**Action item**. Go through the listing below and retype exactly the lines starting at the one with "Sarah Wallet Vivienne in Carnival" and ending at the one with "Trump Moves To", skipping pictures.

**Supplied data**.
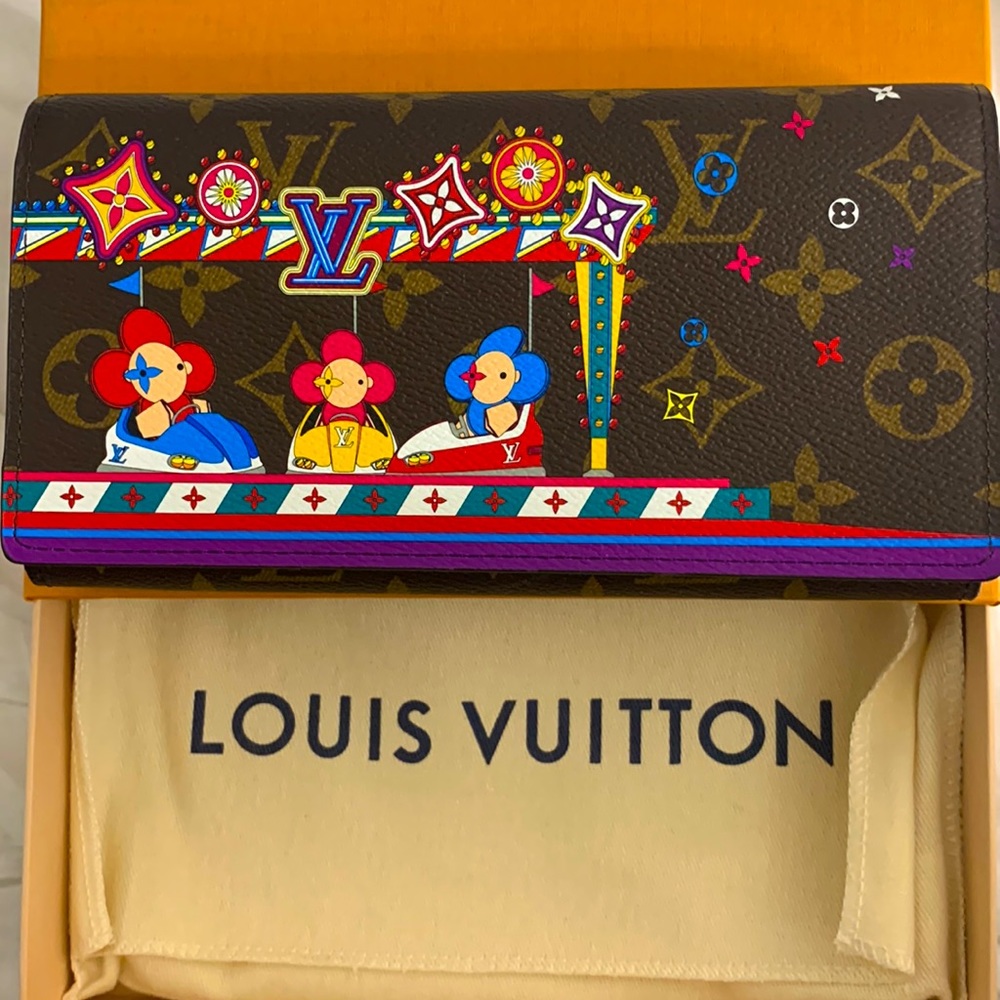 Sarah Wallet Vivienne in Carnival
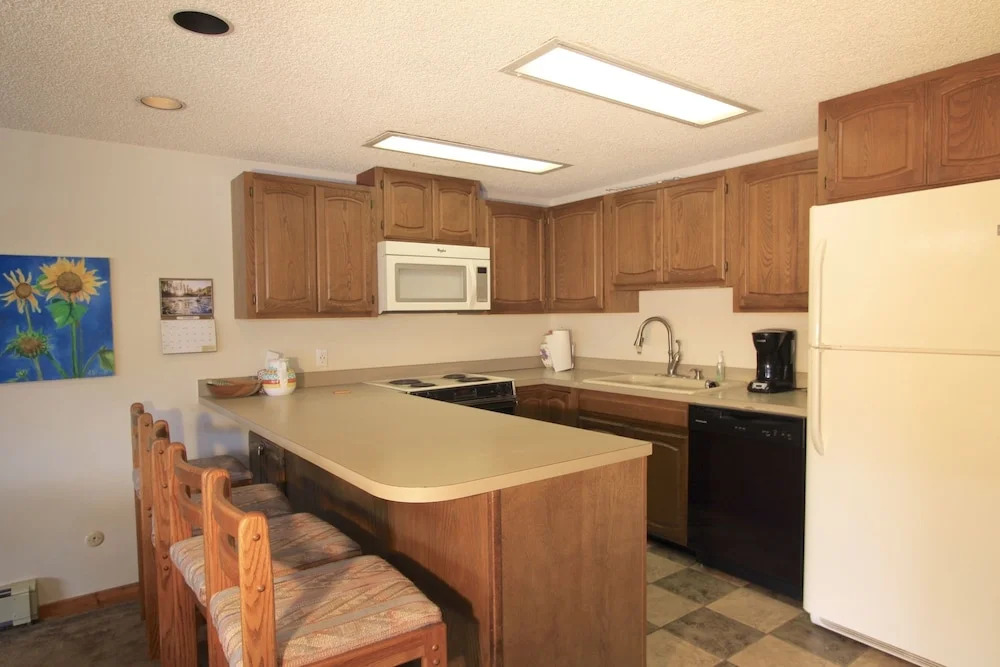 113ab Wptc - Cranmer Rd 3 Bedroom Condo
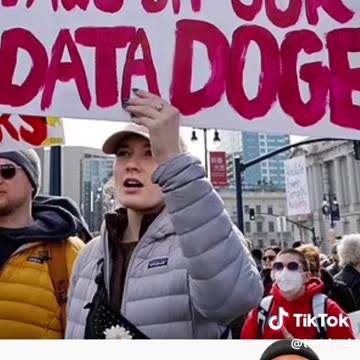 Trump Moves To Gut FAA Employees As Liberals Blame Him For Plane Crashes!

--

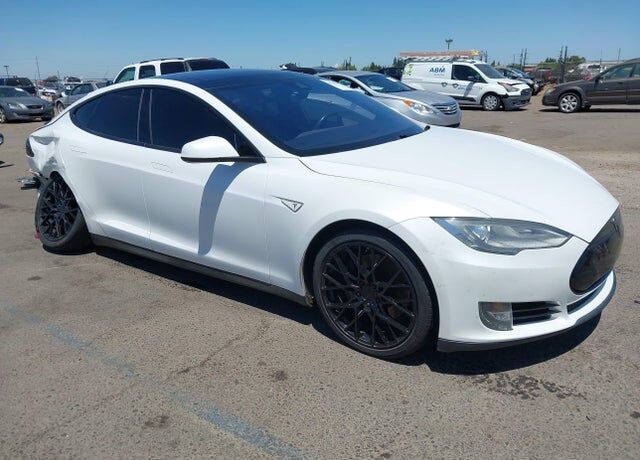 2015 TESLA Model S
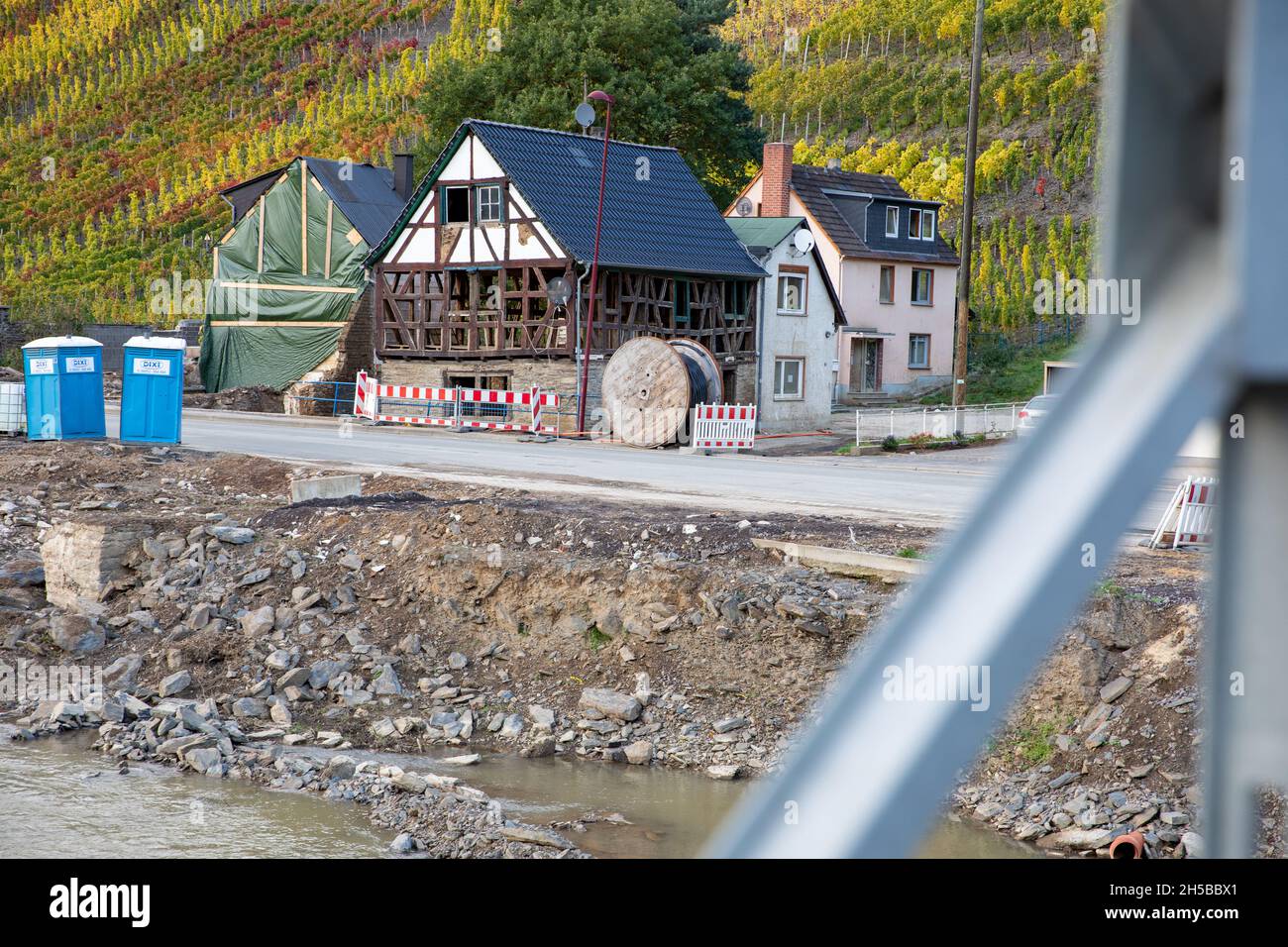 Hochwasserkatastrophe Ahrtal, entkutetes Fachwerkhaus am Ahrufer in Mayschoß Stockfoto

--

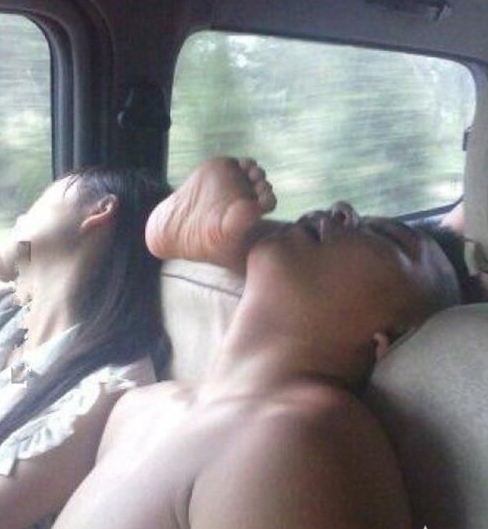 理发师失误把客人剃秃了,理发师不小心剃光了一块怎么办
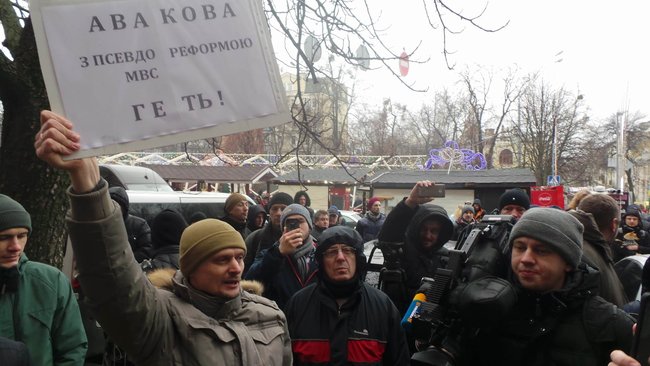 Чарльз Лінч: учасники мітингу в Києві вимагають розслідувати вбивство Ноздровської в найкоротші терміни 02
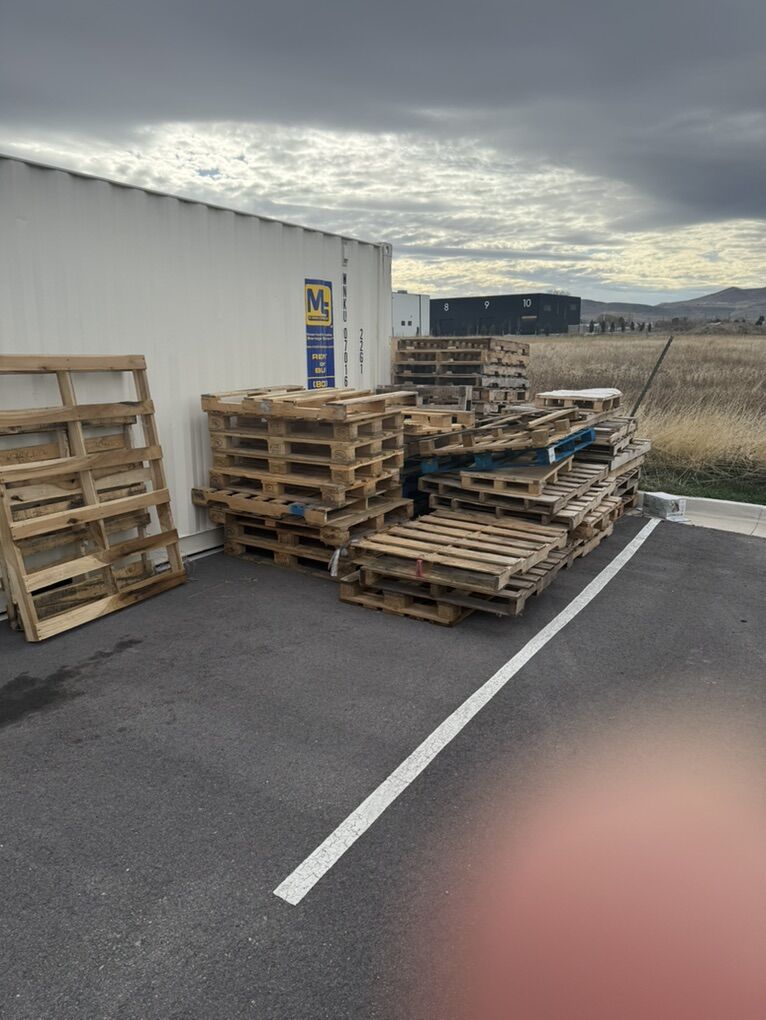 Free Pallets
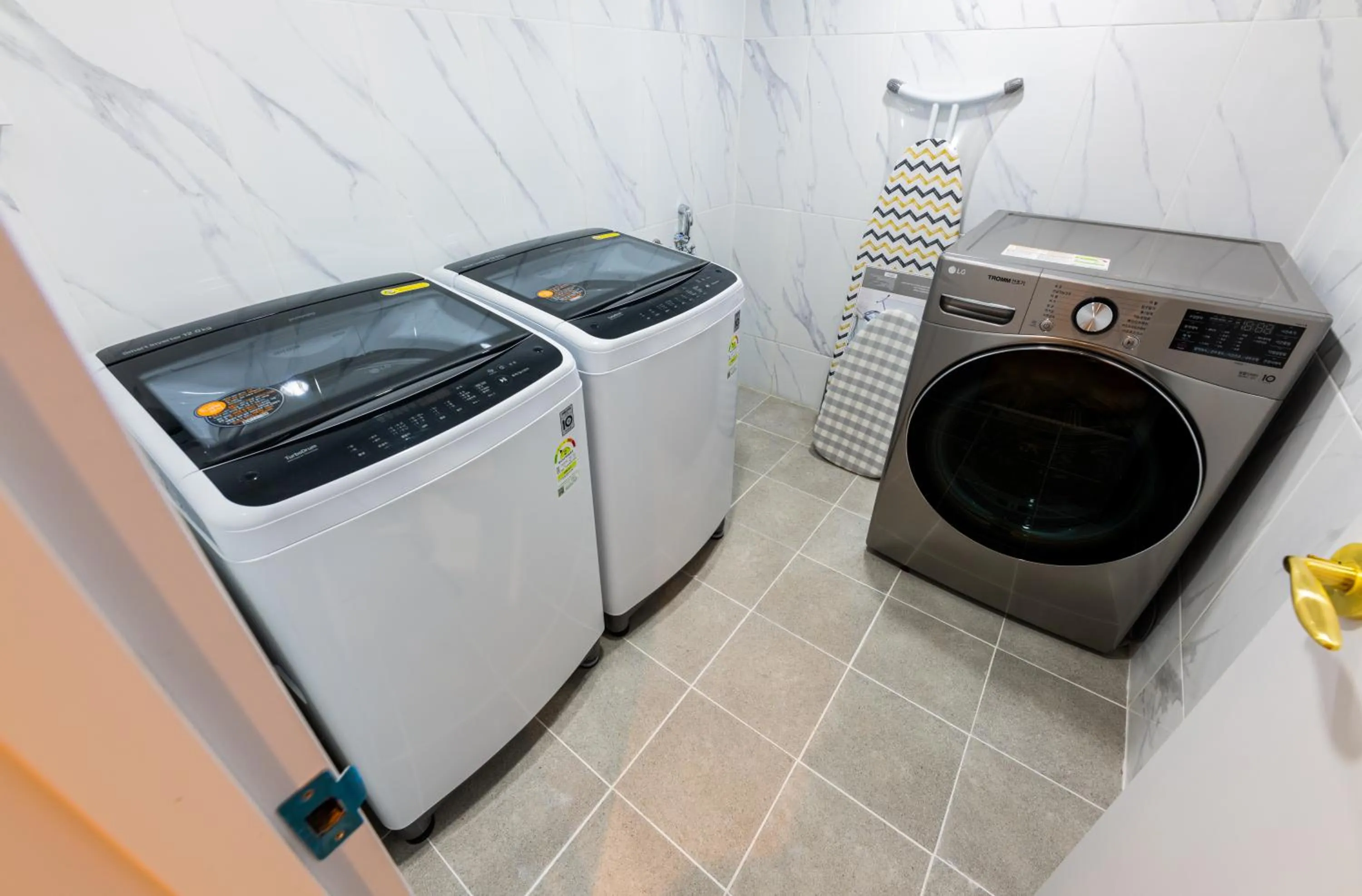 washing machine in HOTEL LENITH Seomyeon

**Exercise solution**.
 Sarah Wallet Vivienne in Carnival
 113ab Wptc - Cranmer Rd 3 Bedroom Condo
 Trump Moves To Gut FAA Employees As Liberals Blame Him For Plane Crashes!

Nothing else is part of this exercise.